By Senthil Kumar Rajasekaran, David Nierenberg, Simon Maxwell, and Kelly Karpa
Prescribing is a fundamental part of the work of new residents, who write and review many prescriptions each day. It is a complex task requiring knowledge of medicines and the diseases they are used to treat, careful judgment of risks and benefits of treatment, and attention to detail. Lack of prescribing skills among residents is widely reported. It is also apparent in other research that this is an area the new residents find challenging. Granting these new doctors prescribing privileges without adequate training and assessment can encourage poor prescribing habits and promote medication errors.

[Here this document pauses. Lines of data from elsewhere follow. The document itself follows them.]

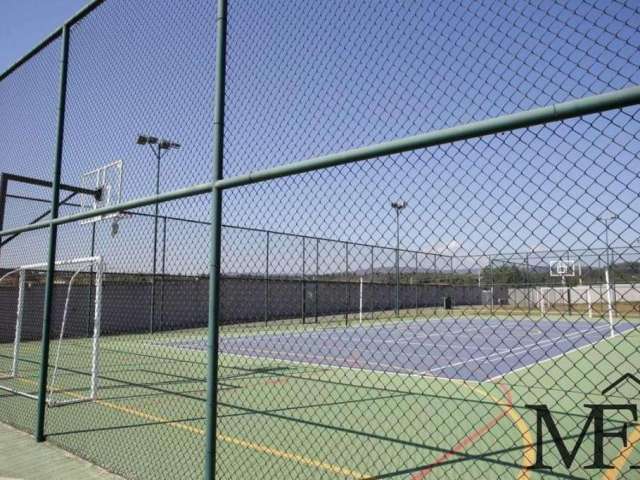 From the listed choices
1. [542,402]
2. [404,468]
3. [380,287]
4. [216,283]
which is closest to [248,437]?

Various studies estimate the total annual costs of preventable medication errors that can result in injury or death (“adverse drug events”) at between $17 and $30 billion. An Institute of Medicine report estimates mortality from preventable medication errors at 7,000 deaths each year. Notably, dosing errors make up 37 percent of all preventable medication errors and harmful drug interactions account for up to 11 percent of preventable medication errors. Inadequate knowledge and misapplication of knowledge regarding drug therapy seems to contribute to an astounding 30 percent of medication errors.

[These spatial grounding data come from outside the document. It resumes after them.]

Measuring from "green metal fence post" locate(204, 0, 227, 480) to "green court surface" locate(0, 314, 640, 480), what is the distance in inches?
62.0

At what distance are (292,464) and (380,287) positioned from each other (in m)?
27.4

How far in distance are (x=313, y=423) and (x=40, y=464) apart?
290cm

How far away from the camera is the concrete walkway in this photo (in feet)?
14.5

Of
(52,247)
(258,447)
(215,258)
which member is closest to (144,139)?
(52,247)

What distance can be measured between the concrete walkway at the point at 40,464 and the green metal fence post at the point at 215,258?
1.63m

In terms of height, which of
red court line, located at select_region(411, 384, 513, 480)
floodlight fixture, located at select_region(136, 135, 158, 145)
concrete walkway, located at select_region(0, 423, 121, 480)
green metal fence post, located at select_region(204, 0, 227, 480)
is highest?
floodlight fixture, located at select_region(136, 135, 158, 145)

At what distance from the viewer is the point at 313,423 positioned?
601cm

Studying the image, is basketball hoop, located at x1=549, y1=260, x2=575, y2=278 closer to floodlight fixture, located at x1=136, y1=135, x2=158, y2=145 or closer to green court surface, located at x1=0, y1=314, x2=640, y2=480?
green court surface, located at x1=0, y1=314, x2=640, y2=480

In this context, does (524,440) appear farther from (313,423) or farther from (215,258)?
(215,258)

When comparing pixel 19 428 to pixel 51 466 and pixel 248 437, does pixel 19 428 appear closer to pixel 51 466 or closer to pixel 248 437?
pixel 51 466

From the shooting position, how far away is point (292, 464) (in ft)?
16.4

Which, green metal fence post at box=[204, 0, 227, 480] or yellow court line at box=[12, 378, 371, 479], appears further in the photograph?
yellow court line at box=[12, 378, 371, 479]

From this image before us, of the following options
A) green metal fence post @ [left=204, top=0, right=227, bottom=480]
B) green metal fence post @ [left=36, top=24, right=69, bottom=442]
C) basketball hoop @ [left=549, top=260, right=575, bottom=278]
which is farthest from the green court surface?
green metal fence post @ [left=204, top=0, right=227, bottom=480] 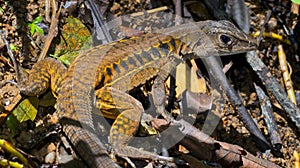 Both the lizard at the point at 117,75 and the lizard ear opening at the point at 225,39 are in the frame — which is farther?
the lizard ear opening at the point at 225,39

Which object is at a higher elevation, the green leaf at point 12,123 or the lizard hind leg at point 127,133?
the green leaf at point 12,123

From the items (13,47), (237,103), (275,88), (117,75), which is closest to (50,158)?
(117,75)

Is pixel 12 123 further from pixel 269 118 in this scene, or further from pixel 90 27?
pixel 269 118

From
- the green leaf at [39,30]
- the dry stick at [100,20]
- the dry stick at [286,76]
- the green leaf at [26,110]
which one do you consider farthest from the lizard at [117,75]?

Another study found that about two-thirds of verified prescribing errors were made on the day of admission. Junior residents often coordinate early admission processes; these errors seem to indicate that they’re not ready to prescribe. Taken together, these figures highlight a crucial medical education gap around prescribing.
While the introduction of electronic prescribing in hospitals has led to prevention of some obvious errors, there is controversy about the extent to which these systems will prevent errors that actually lead to student harm. Pharmacists report prescribing errors that would never have occurred in hand-written medication orders. “Clicking” through a computerized system is itself causing errors.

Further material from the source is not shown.